While some areas of law involve your business or your transactions and contracts as a consumer, family law involves your life and the people and things you love and cherish most. This makes family law one of the most emotionally charged areas of law practice and can result in clients’ tendencies toward reactions and actions based on emotions instead of logic, including hostility toward the opposing side. Furthermore, many clients want their lawyers to mirror their anger when dealing with opposing counsel. The trouble is – the amount of time you and your lawyers spend bickering correlates directly to the amount you spend on legal fees. This is why it is so important to carefully choose your legal counsel.
When you are overwhelmed by difficult decisions about your children and property and drained by the emotional toll of a divorce or custody matter, a skilled and compassionate lawyer can serve as a level head and voice of reason to help smooth things over in order to reach an amicable resolution that is most favorable to both sides and less burdening to your pocket book.
Regardless of the type of lawyer you choose, the Texas Family Code sets out certain standards to guide the Courts in acting as the voice of reason in matters involving child custody and visitation.
Best Interest of the Child Standard
One of the most common standards that you are probably familiar with is the “best-interest of the child” standard. Texas Family Courts use this standard to determine child custody and visitation schedules.

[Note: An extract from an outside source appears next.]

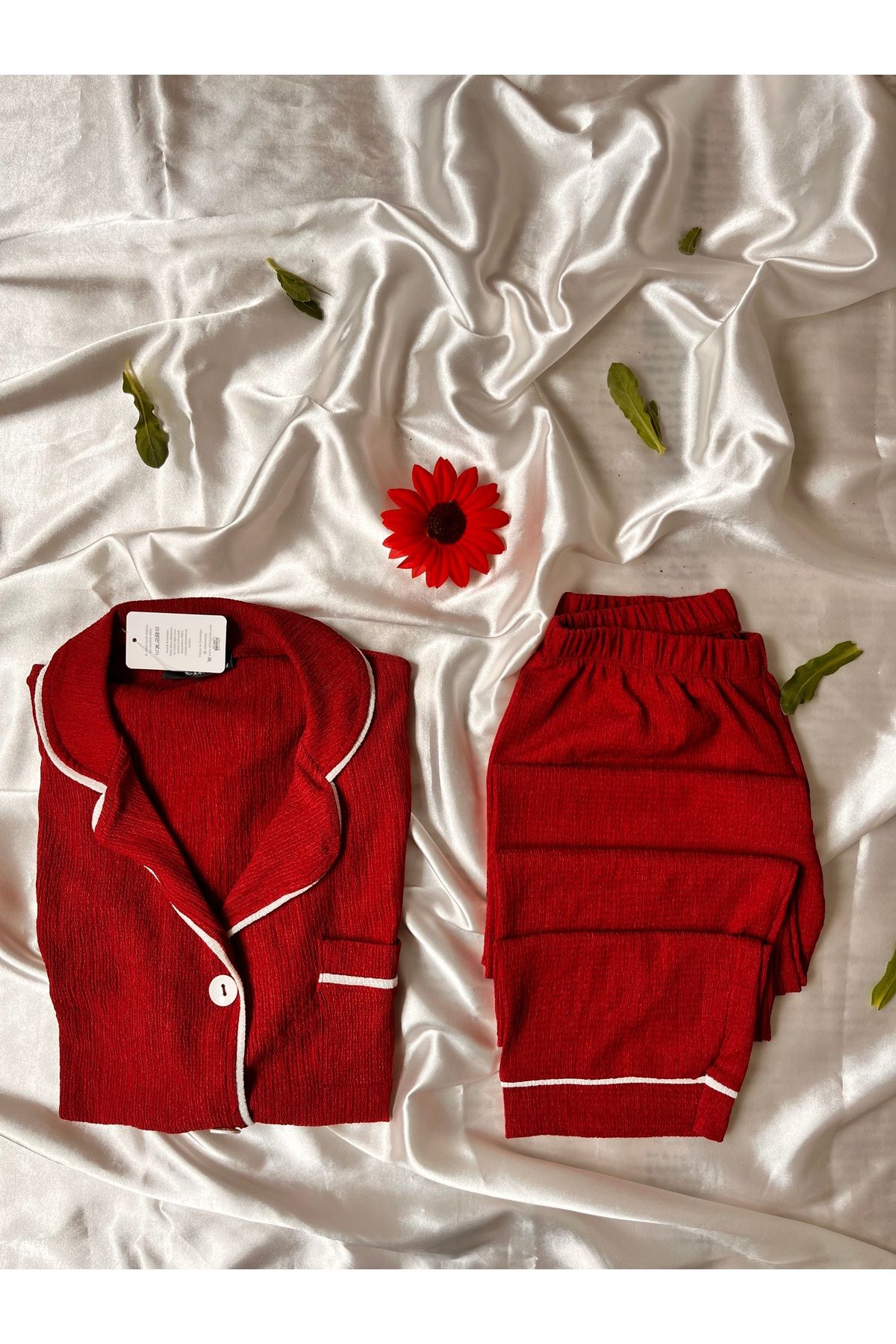 beshineunderwear Crimson Charm Pijama Takımı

The Texas Family Code states, “the best interest of the child shall always be the primary consideration of the court in determining the issues of conservatorship and possession of and access to the child” §153.002. The TFC intentionally leaves the definition of a “child’s best interest” vague in order to allow courts to determine what is best for each child who comes before them. Though the TFC sets out a list of factors Judges may consider, the list is not intended to be exhaustive, in order to give Judges the necessary leeway to make decisions as they see fit based on the circumstances of each case. Some of the factors set out by the TFC include: the child’s preference once the child reaches the age of twelve, and the child’s current and future emotional and physical needs.
Additional considerations the Court may consider include a parent’s ability to care for the child, the stability of the parent’s home, availability of outside support to assist the parent in the best interest of the child, and any act or omission of a parent that indicates the parent-child relationship is not proper.
Standard possession order
Once a Court determines conservatorship (or custody) of a child, there is a rebuttable presumption that the standard possession order found in the Texas Family Code is in the child’s best interest §153.252. You see, this standard must adhere to public policy, which includes frequent contact between a child and both of his/her parents (unless it has been proven that such contact would not be in the child’s best interest). As such, the standard possession order was designed to be in the child’s best interest by providing the minimum time of possession of a child for a parent named as the possessory conservator or a joint managing conservator.